Industry Divided on Importance of COP21 Text
European shipowners have joined the European Commission, members of the European Parliament (MEPs) and various stakeholders in calling for shipping to be brought back in the text currently negotiated in the context of the COP21 climate talks in Paris.
“The talks in Paris are a unique opportunity to give a clear signal to the member states of the IMO that they need to act decisively in order to further regulate CO2 emissions from ships on a global level. It would provide support for their ability to move forward and give new impetus to ongoing discussions, which we hope will very soon reach fruition,” said Patrick Verhoeven, ECSA Secretary General.
Shipping, together with aviation, had been included in earlier versions of the draft agreement on climate change. The latest version however, which was released yesterday, makes no reference to these two industries.
The IMO has already made strides when it comes to the shipping industry’s carbon footprint. In 2011 it adopted universal measures that made shipping the first industrial sector to have a binding global regime in place to reduce its CO2 emissions. Entered into force in 2013, they require a gradual improvement of energy efficiency for newly built ships through intermediary targets, culminating in the requirement that all ships constructed after 2025 be 30 percent more efficient that those built in the 2000s.

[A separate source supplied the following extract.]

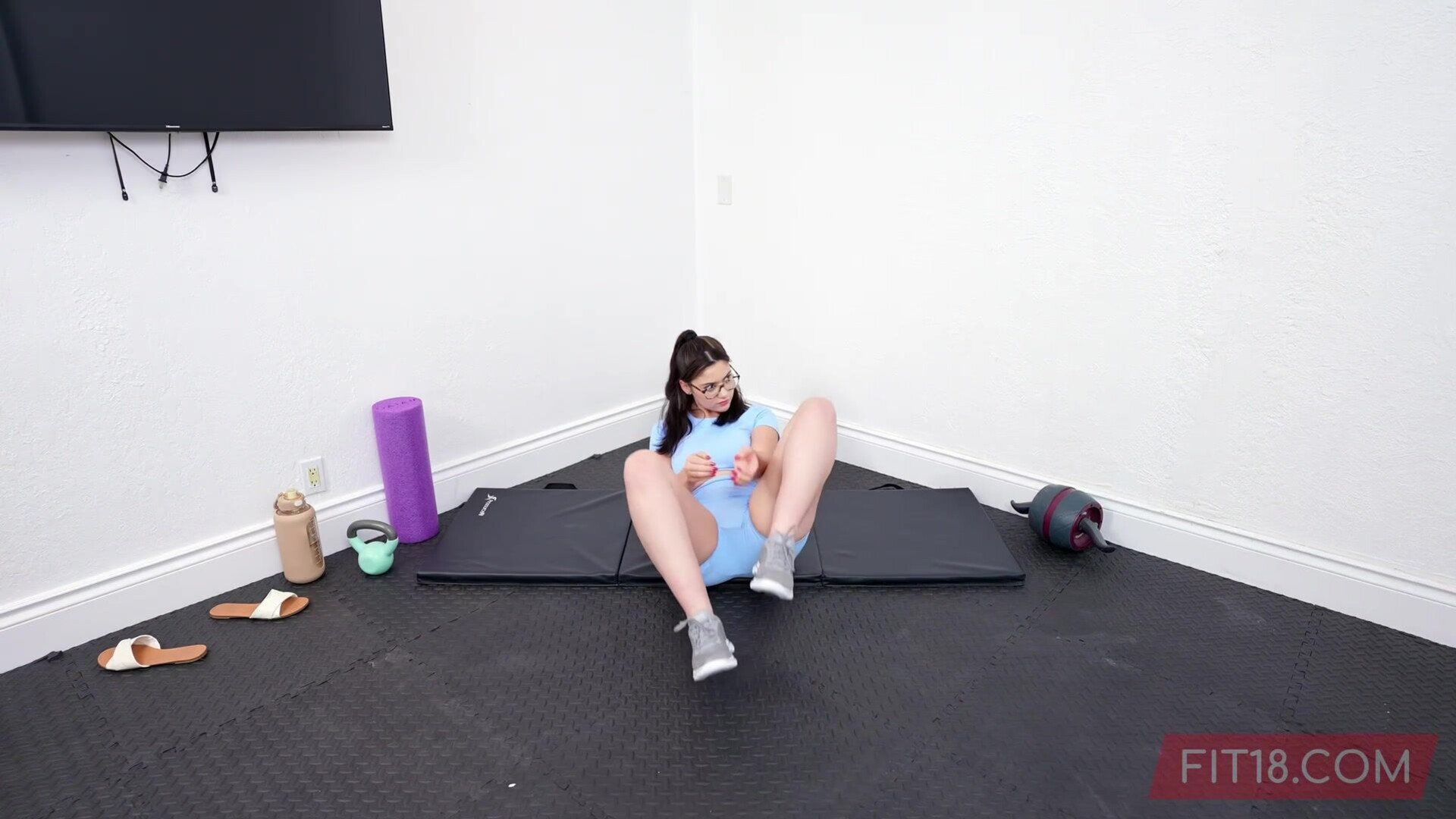 Casting And Creampie - teen - nerd - brunette - big tits - big ass - blowjob - casting - creampie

However, the IMO’s work on CO2 emissions reduction is far from completed, says Verhoeven. It remains firmly on its agenda and will be considered again at the next meeting of the IMO Marine Environment Protection Committee in April 2016. The shipping industry supports the establishment, as soon as possible, of a mandatory system of data collection from individual vessels understanding that the possibility of further market based measures might be revisited after an IMO analysis of the data submitted by ships, he says.

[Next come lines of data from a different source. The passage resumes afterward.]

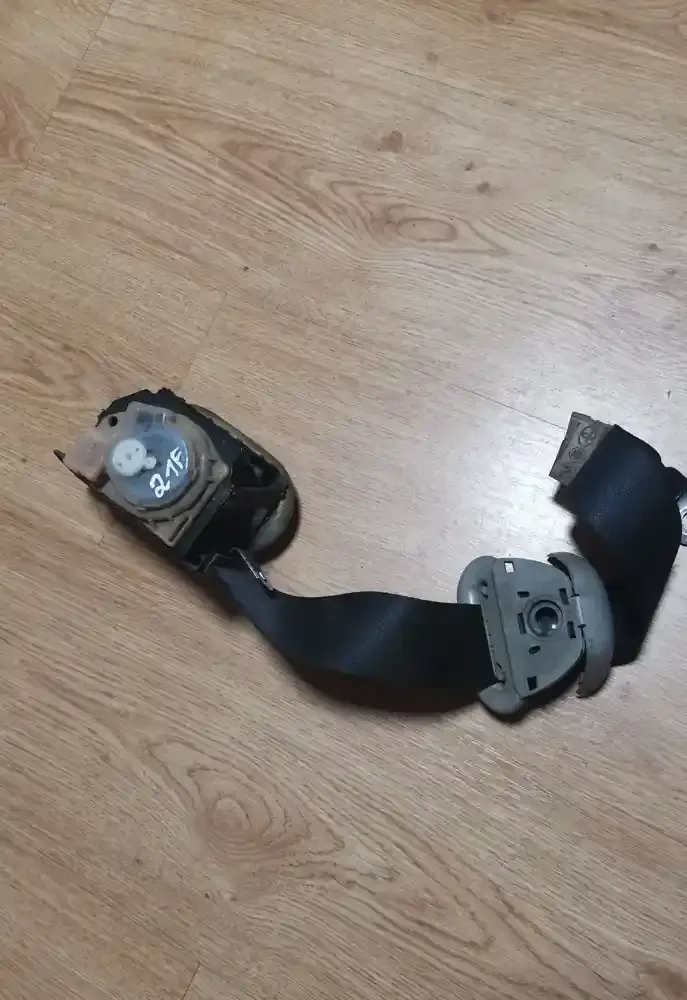 0431064 ремінь безпеки заднього сидіння Toyota Corolla Verso E121 2003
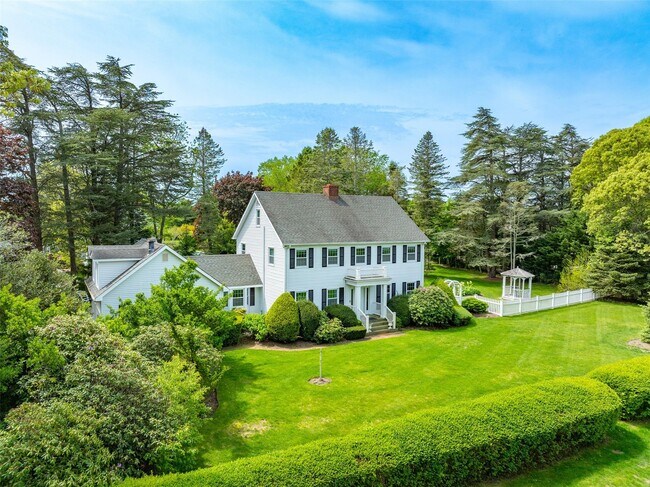 Building Photo - 110 Sleepy Hollow Ln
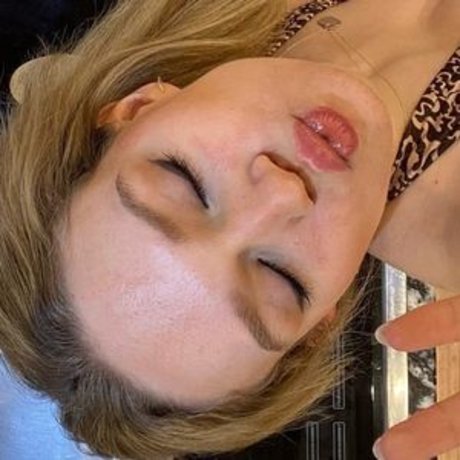 Naakte gelekte OnlyFans-foto van Sapphire Upshall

“We firmly believe that deleting any reference to shipping and the progress needed at IMO level is a missed opportunity. The E.U. has already placed its faith in the IMO process by adopting legislation that will enable and support IMO in establishing a global data collection scheme,” said Verhoeven.

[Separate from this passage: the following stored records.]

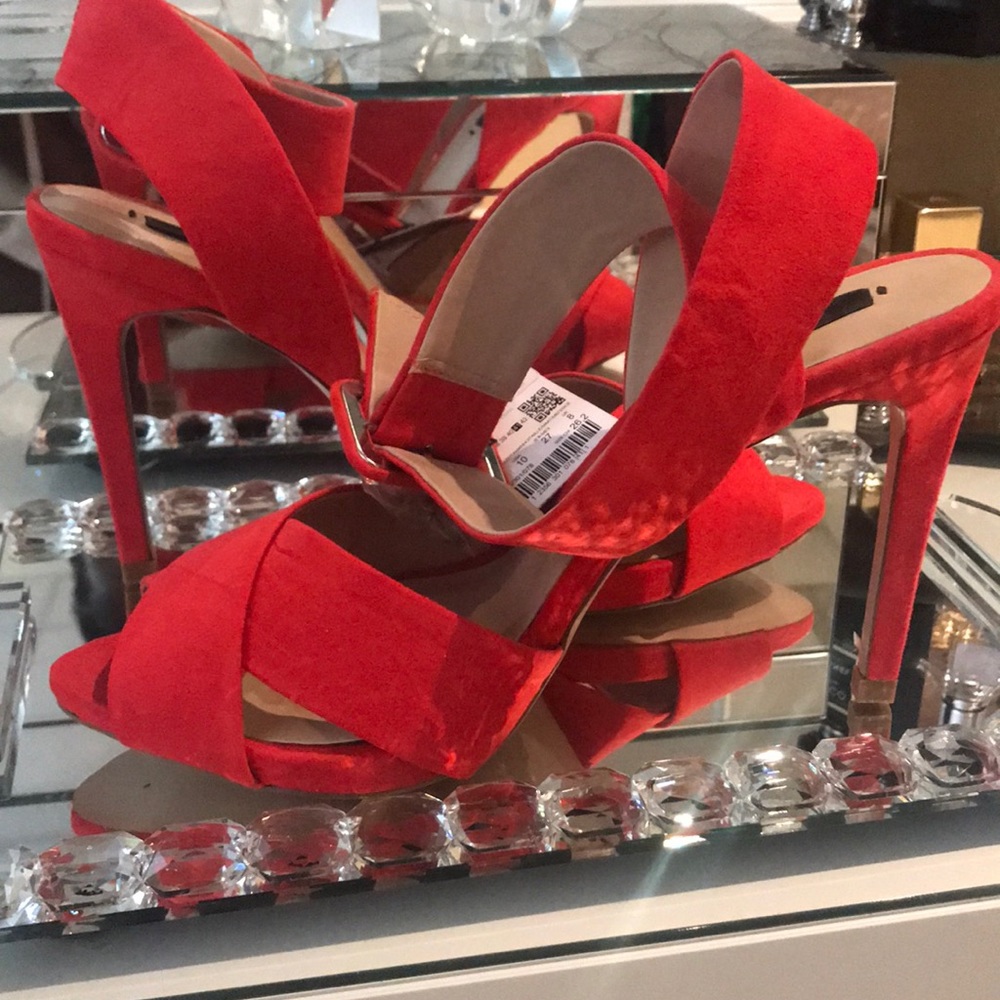 Shoe (heels)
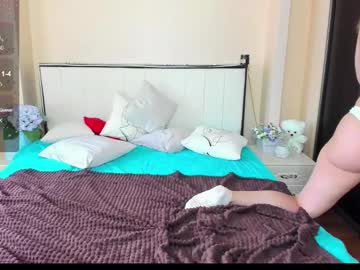 Perfectjulia Chaturbate stream image from May 14, 2025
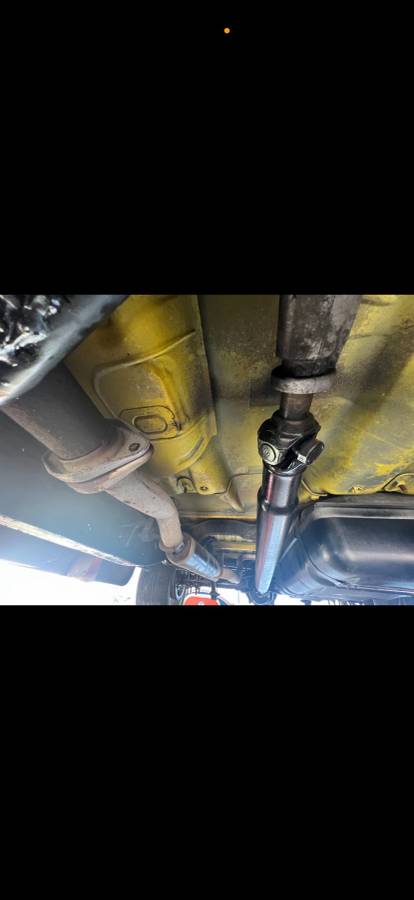 Chevrolet-1500-1994-yellow-8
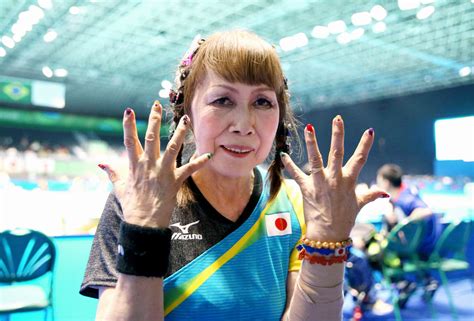Jul 03, 2021 · 卓球の東京五輪代表の強化試合「ドリームマッチ」は3日、埼玉県内で女子団体が行われ、伊藤美誠（スターツ）石川佳純（全農）平野美宇（日本生命）の五輪代表が5―0でナショナルチーム候補選手と男子高校生による日本協会選抜に完勝した。 卓球女子シングルス予選の試合後、ブラジルと日本の国旗を ...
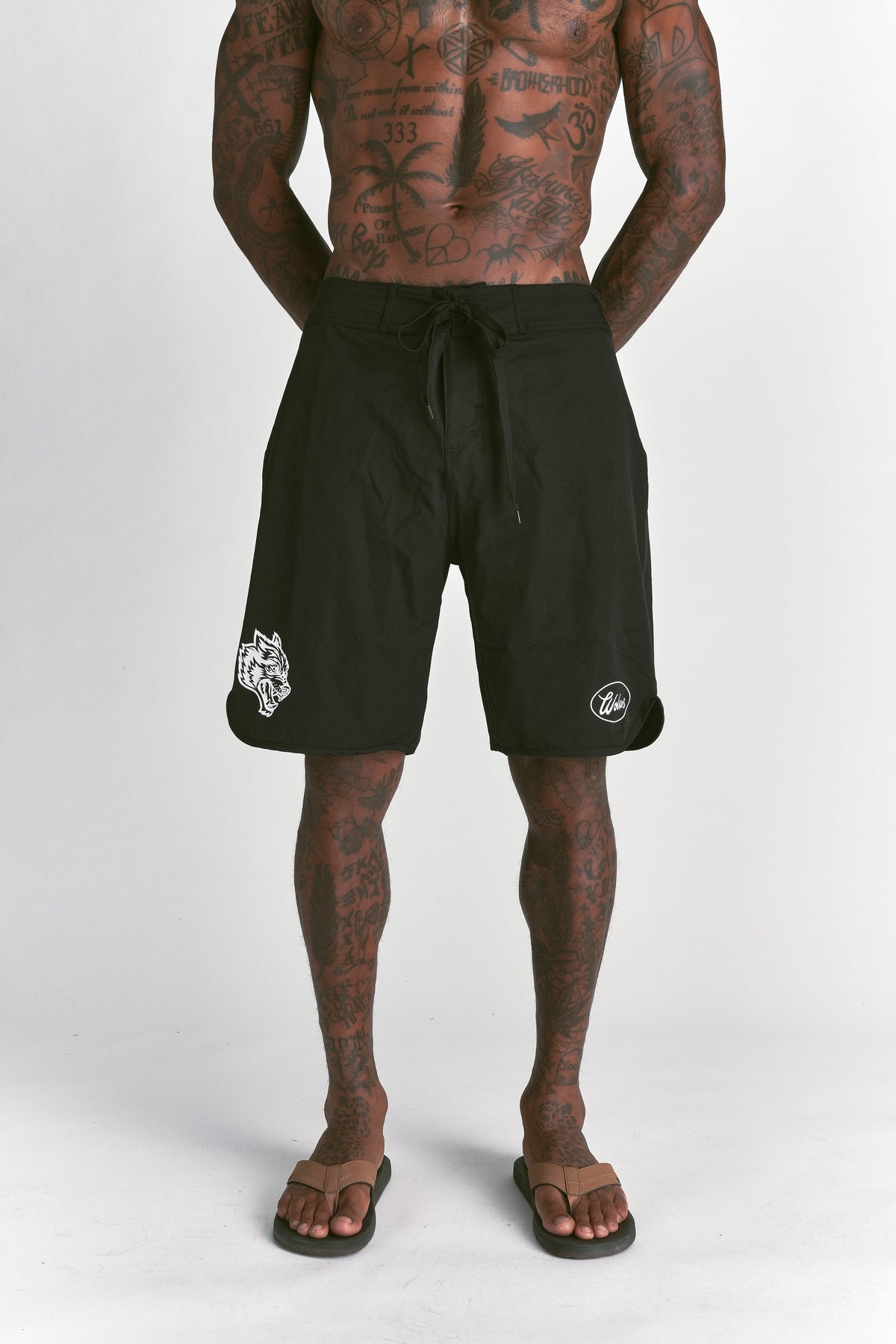 What We Rep Brucey's Board Shorts in Black — imagem principal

“An irreversible process leading to lower CO2 emissions from ships has started. Efforts at IMO and E.U. level can only be bolstered by a clear signal from the highest U.N. instance on climate change. We sincerely hope that negotiating parties will seriously reconsider and heed our call for shipping to be reintroduced in the final climate agreement,” said Verhoeven.
ICS Not Worried
Meanwhile, the International Chamber of Shipping (ICS) says the absence of text is unlikely to inhibit the aspirations of governments – which are shared by the industry – for IMO to take further action.
Still, it would be helpful for the new agreement to reiterate the vital role of the IMO in the development of further measures to reduce shipping’s CO2 emissions, said ICS in a statement. This would give extra encouragement to build on the global regulations IMO has already successfully adopted and which should reduce CO2 per ton-km 50 percent by 2050.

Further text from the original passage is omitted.